BEGIN

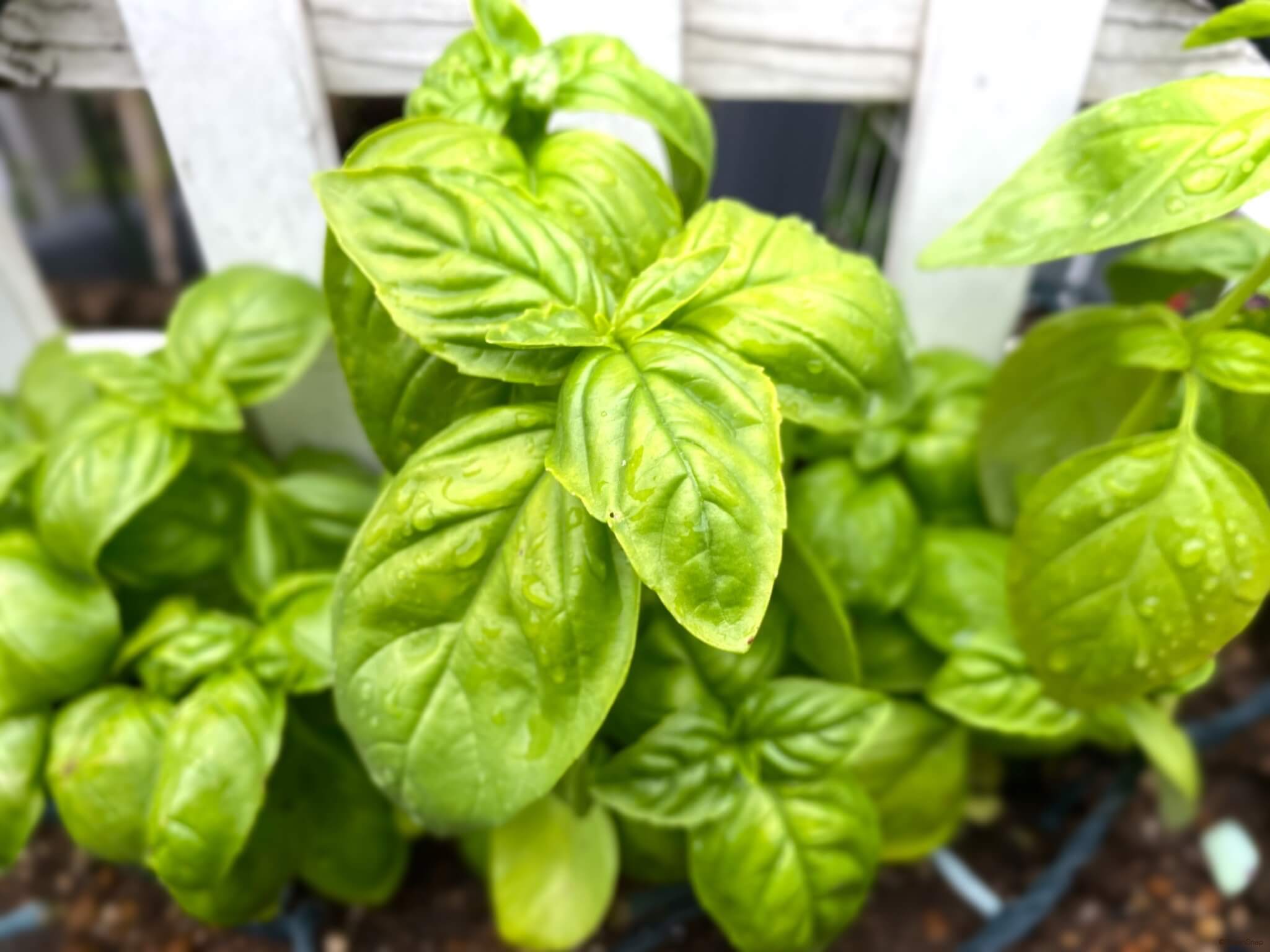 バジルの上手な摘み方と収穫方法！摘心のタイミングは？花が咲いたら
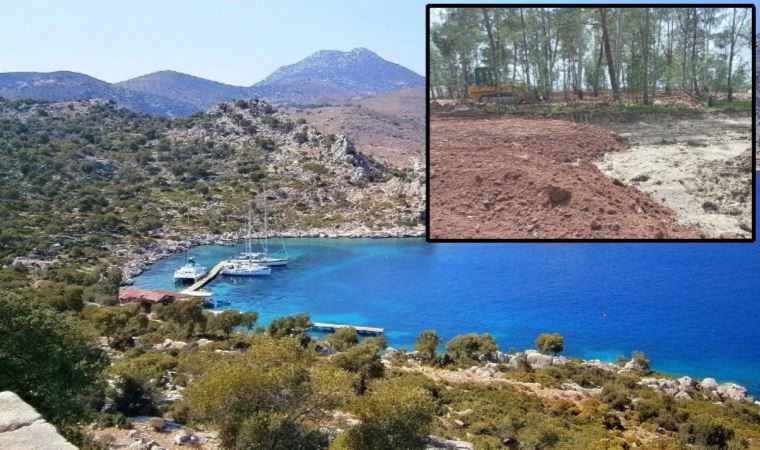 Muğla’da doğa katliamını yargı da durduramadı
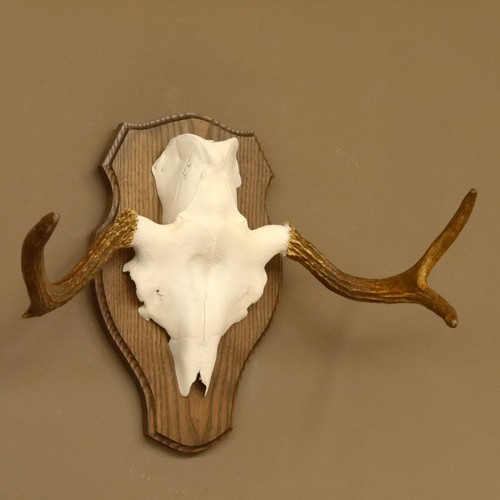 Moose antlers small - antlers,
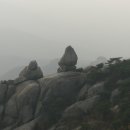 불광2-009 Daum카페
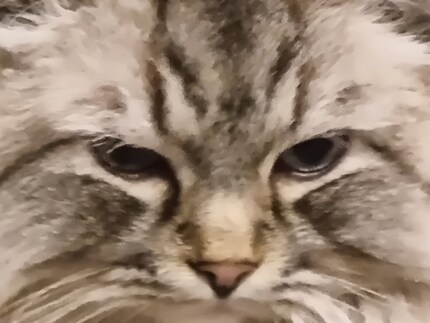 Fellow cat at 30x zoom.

END

> [PROBLEM STATEMENT]
For each record above, write out every line exactly and skip the pictures.

> [OUTPUT FOR THIS TASK]
 バジルの上手な摘み方と収穫方法！摘心のタイミングは？花が咲いたら
 Muğla’da doğa katliamını yargı da durduramadı
 Moose antlers small - antlers,
 불광2-009 Daum카페
 Fellow cat at 30x zoom.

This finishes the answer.